I have always wanted to organize a youth hunt for pheasants, quail, or some other upland bird. It would be neat if we could organize a fund raiser to get some birds and take a under-privileged kids out and have some fun. We could get some pen-raised birds and take a kid out to the Lee Kay dog training area and let them see a dog at work and scare up some planted birds.

I know that the owner of Good Year Tires on Auto Mall Drive in Sandy takes disabled kids out to hunt big game. I always thought that was cool.


----------



## Dannyboy (Oct 27, 2010)

It all sounds good to me, just let me know when and where, hopefully with some advanced warning.


----------



## WasatchOutdoors (Sep 26, 2007)

Bax* said:


> I have always wanted to organize a youth hunt for pheasants, quail, or some other upland bird. It would be neat if we could organize a fund raiser to get some birds and take a under-privileged kids out and have some fun. We could get some pen-raised birds and take a kid out to the Lee Kay dog training area and let them see a dog at work and scare up some planted birds.
> 
> I know that the owner of Good Year Tires on Auto Mall Drive in Sandy takes disabled kids out to hunt big game. I always thought that was cool.


i'm not sure what kind of permits we would need to be able to plant birds, but I do know a guy who raises them, and our family has a small 75 acre farm in perry that you could let them chase the birds on.


----------



## KnockedandLocked (Jun 24, 2010)

Sign me up, would love to give back on a service project. The guzzler repair sounds beneficial as does getting younger kids involved in the outdoors.


----------



## Nambaster (Nov 15, 2007)

If you guys wanted me to get a hold of a few local farmers and ranchers. I bet some good service projects would open up some agricultural land to the "Access Yes" program and we could get some guys enrolled permanently. Not to mention if we are helping out on the property we become familiar with what the benefits of a specific property can be useful for... We could also count the acres that we make available and boast numbers like SFW


----------



## Troutsman (Aug 13, 2010)

JuddCT said:


> campfire said:
> 
> 
> > Great Idea. I would be interested in either clean up or habitat work. I would suggest if we are going to go to enough work to organize a project to work through the DWR and get it approved as a dedicated hunter project. That might generate even more interest.
> ...


+2

This is an excellent idea that has been proposed.

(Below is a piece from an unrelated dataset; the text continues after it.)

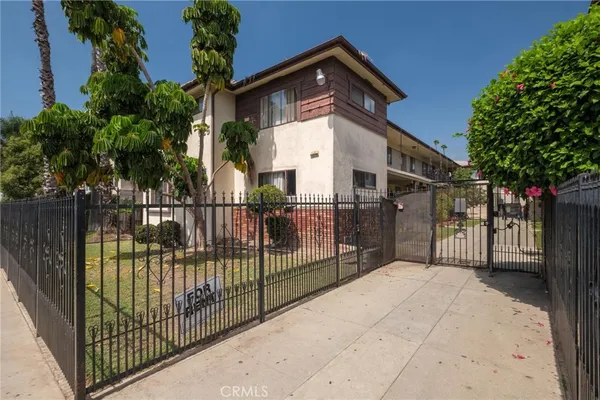 a view of a house with a small yard and wooden fence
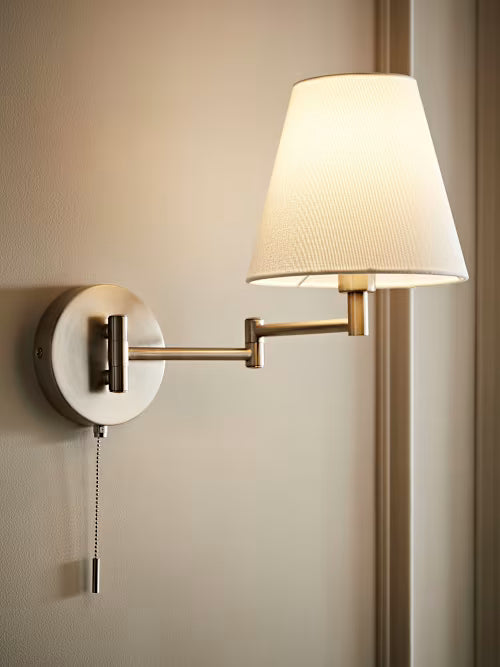 Wall-mounted lamp with a white shade on a beige wall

I think that there has been enough interest in the short amount of time that we could even extend it further and instead of doing "A" project, set something up to do seasonal, or monthly projects. Whether we piggy back off of other project, or start our own, we can assemble ourselves to get the jobs done.

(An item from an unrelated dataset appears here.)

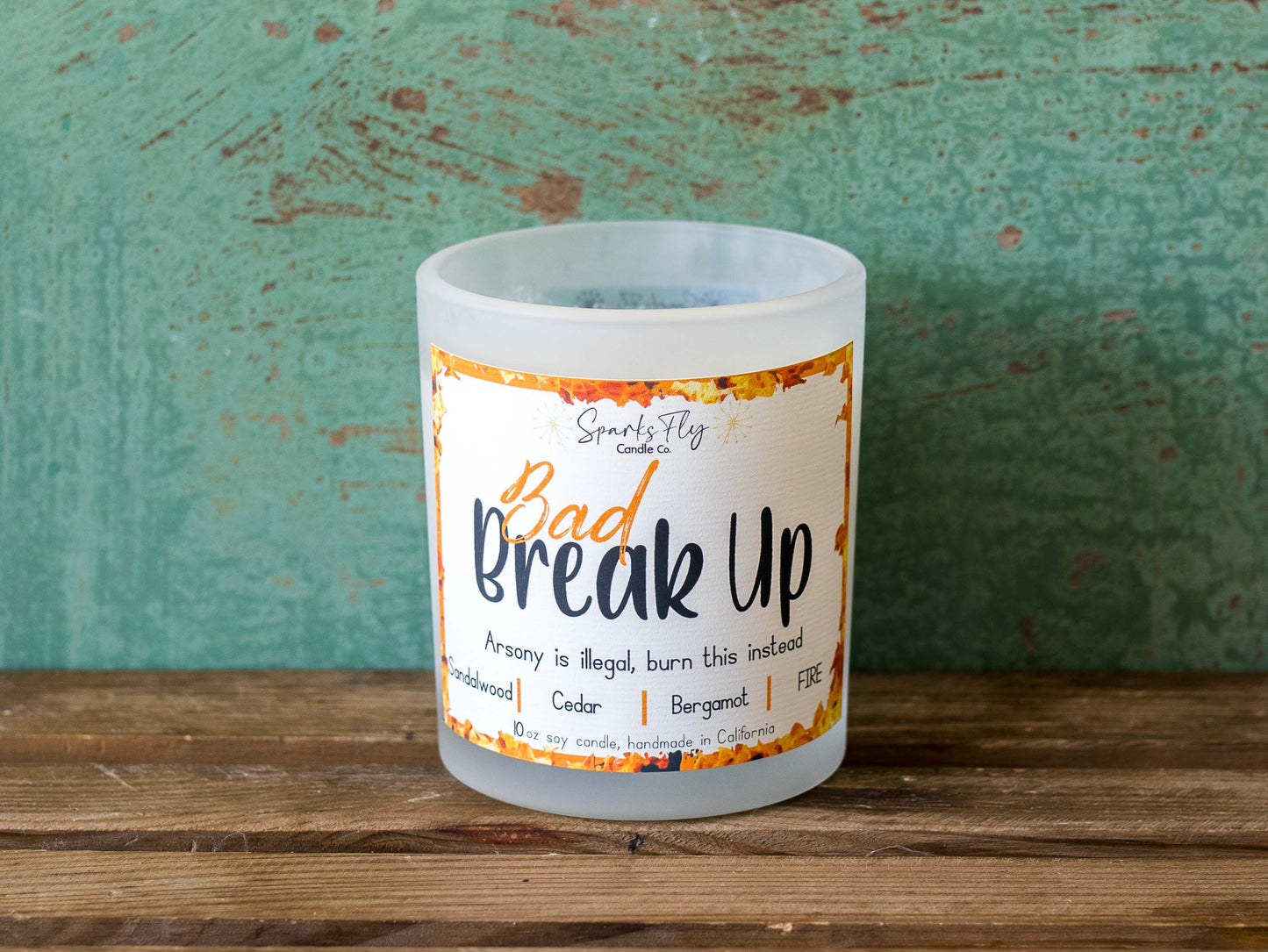 Bad Breakup sassy candle; promoting legal relief from heartbreak with a fiery scent twist, satire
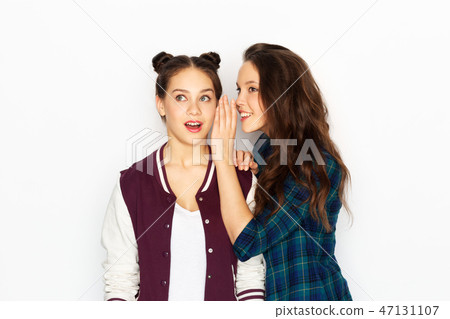 Teenage Girls Gossiping Or Sharing Secrets Stock Photo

As a dedicated hunter, I always look for jobs that can be done at any time so I can work it into my schedule. While it is fun to have a great big get together and make a huge dent in a project, it is also nice to have some projects that are on going that can make a difference as well. The dedicated hunter project I took part in this year was out by the stairs heading towards Tabiona. The area is a major winter range for elk and deer and the project was cutting down specific trees to make more room for the winter range. I could not help but wonder why they would not plant the area after we came in and cut down the over vegetation of the evasive trees.

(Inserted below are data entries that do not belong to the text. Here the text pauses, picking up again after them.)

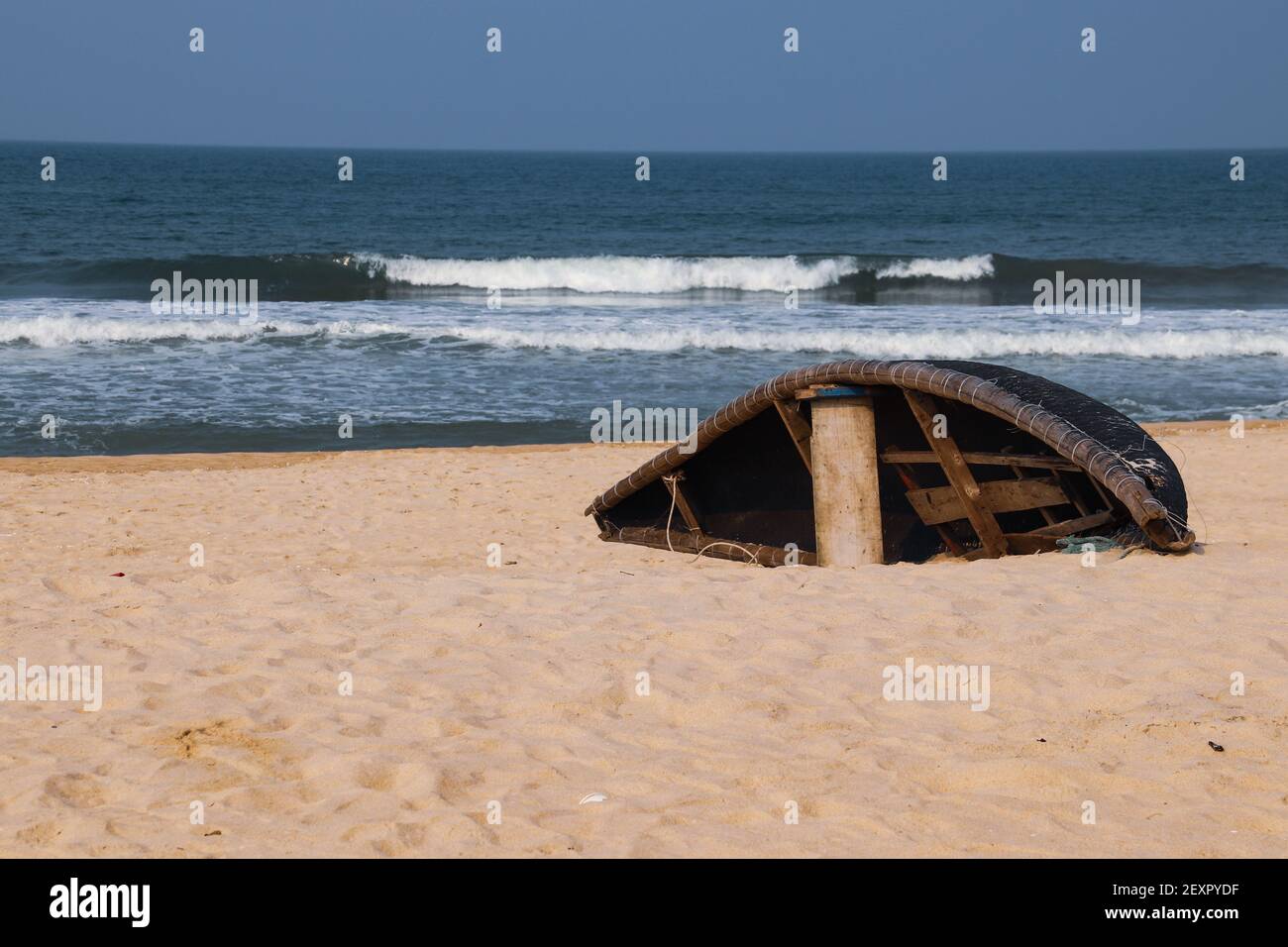 An old Vietnamese wooden boat on a sandy shore Stock Photo - Alamy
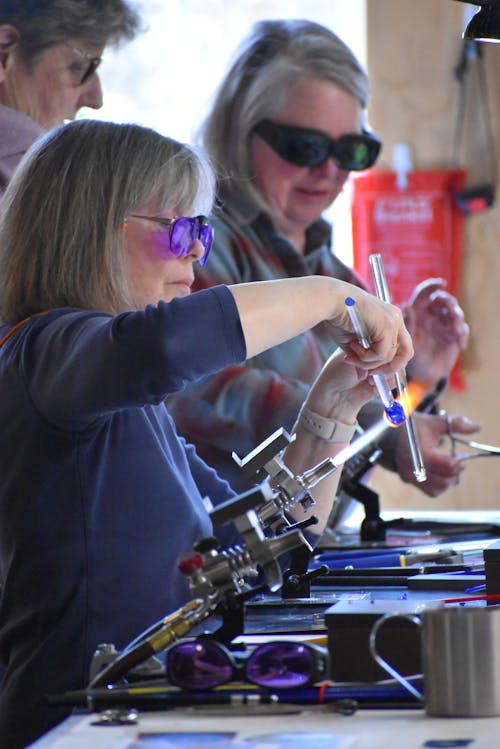 Two women are working on glass blowing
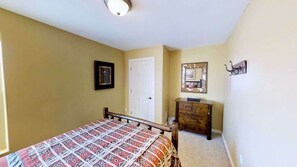 A bedroom with a bed, a dresser, a door, and a mirror on the wall. - Saddle Creek - 3A1, 3 Bedroom 2 and a Half Bath Condo (Moab)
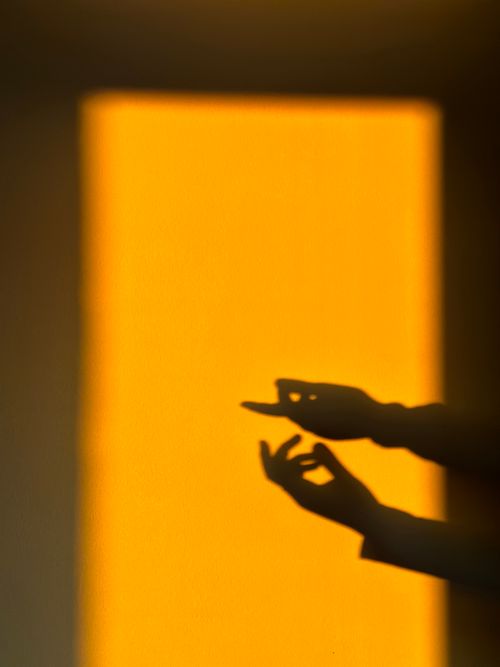 Free Abstract shadows of hands gesture dynamically against a vibrant yellow background. Stock Photo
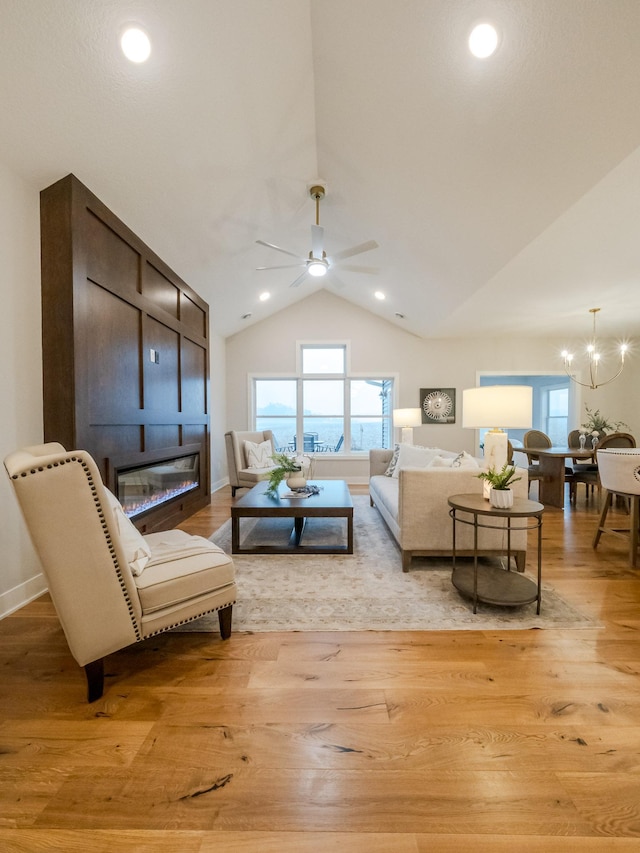 living room with light wood finished floors, ceiling fan with notable chandelier, recessed lighting, a glass covered fireplace, and high vaulted ceiling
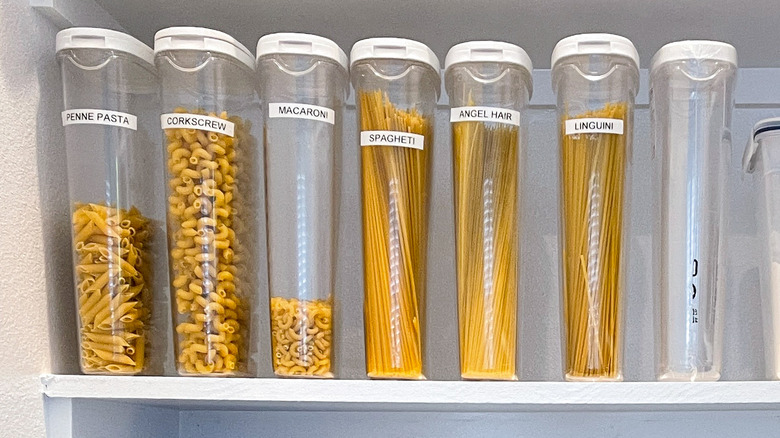 Dried pasta organized in plastic containers with labels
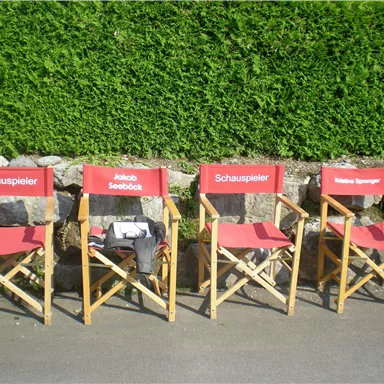 Four director's chairs with red seats are on the floor. Next to each chair is the inscription "Actor".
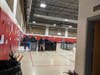 Paras unpack Chromebooks in the school gym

Looking at the DWR, as well as other groups would be an excellent place to start for gaining permissions as well as support and ideas. I love the idea of getting the kids involved in this as well. We could reach out to our local Boy Scouts and Girl Scouts clubs to offer our ideas to include them. I hunted this last fall with a gentlemen that has set up hunting opportunities for handicapped individuals and has had a lot of success with it. I could gain more information from him if we wanted to go that route as well.

If anyone has boys that are close to becoming an Eagle Scout, this could be an excellent opportunity for them to organize one of these service projects.

Maybe we could organize ourselves and ask for some volunteers to step forward to create a committee and work it from that angle. A group to organize the masses and gain input and ideas from one another as well as put together a vote as to what projects are selected for each season/month.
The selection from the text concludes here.